Today I stumbled on a 14-month old story from The New York Times online which tells the story of  a middle school girl in Cleveland, TX, who had been gang raped by as many as 18 assailants.  The accused rapists range in age from “middle schoolers to a 27-year-old” (sic).  Some of the suspects were high school athletes; others had previous criminal records–including one suspect who had been convicted of manslaughter.

Yet the article didn’t focus on how the tragedy affected this young girl.  Instead, it focused on how the town, and even the suspects themselves, were affected by the news of the rape charges:

The case has rocked this East Texas community to its core and left many residents…with unanswered questions. Among them is, if the allegations are proved, how could their young men have been drawn into such an act?…

The arrests have left many wondering who will be taken into custody next. 

How could their young men have been drawn into such an act?  Times reporter James McKinley almost makes it sound as if the suspects are the true victims here, relieving them of culpability by hinting that they were seduced into raping an 11-year-old child.

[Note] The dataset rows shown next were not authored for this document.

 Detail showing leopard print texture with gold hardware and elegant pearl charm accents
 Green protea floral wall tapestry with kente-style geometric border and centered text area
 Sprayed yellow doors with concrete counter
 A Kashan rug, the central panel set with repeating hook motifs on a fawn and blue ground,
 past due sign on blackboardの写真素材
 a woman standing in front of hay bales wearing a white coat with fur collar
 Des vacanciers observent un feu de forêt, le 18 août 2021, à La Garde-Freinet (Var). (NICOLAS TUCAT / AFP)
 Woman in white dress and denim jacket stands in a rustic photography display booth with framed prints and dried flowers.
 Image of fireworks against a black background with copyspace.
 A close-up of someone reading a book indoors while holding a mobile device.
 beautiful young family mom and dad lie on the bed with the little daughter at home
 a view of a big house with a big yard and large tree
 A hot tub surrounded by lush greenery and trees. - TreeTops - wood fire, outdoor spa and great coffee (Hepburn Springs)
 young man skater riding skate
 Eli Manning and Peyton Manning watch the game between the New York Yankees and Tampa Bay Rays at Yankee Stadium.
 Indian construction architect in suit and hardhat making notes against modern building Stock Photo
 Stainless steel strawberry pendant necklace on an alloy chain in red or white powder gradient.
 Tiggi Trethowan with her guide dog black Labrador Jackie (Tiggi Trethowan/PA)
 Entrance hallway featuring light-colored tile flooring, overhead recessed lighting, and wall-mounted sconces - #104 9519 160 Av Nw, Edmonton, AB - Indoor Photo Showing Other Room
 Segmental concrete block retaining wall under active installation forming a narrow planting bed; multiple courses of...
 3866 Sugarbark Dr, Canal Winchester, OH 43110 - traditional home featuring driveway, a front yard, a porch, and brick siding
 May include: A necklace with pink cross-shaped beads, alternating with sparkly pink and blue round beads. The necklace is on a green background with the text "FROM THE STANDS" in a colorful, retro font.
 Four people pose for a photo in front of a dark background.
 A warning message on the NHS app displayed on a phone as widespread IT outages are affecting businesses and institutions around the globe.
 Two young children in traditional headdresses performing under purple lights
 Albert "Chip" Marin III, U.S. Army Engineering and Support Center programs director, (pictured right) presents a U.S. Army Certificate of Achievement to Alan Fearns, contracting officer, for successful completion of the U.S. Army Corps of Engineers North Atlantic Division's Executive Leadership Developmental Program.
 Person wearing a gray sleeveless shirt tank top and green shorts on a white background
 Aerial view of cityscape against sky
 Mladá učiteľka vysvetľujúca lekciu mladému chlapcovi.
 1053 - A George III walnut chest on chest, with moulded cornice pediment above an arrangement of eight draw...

McKinley goes on to quote residents who worry about their town’s reputation, residents who point out that the victim dressed older than her age, wore make up, and was known to “hang out with teen aged boys at a playground.”  Throughout the entire article, the only references to the girl’s plight is use of the lurid phrase “Vicious Assault” in the headline, and a factual recounting of the details from the arrest afidavits.

This type of victim blaming is appalling, but it is especially shocking to me that it is coming from a reputable source like The New York Times.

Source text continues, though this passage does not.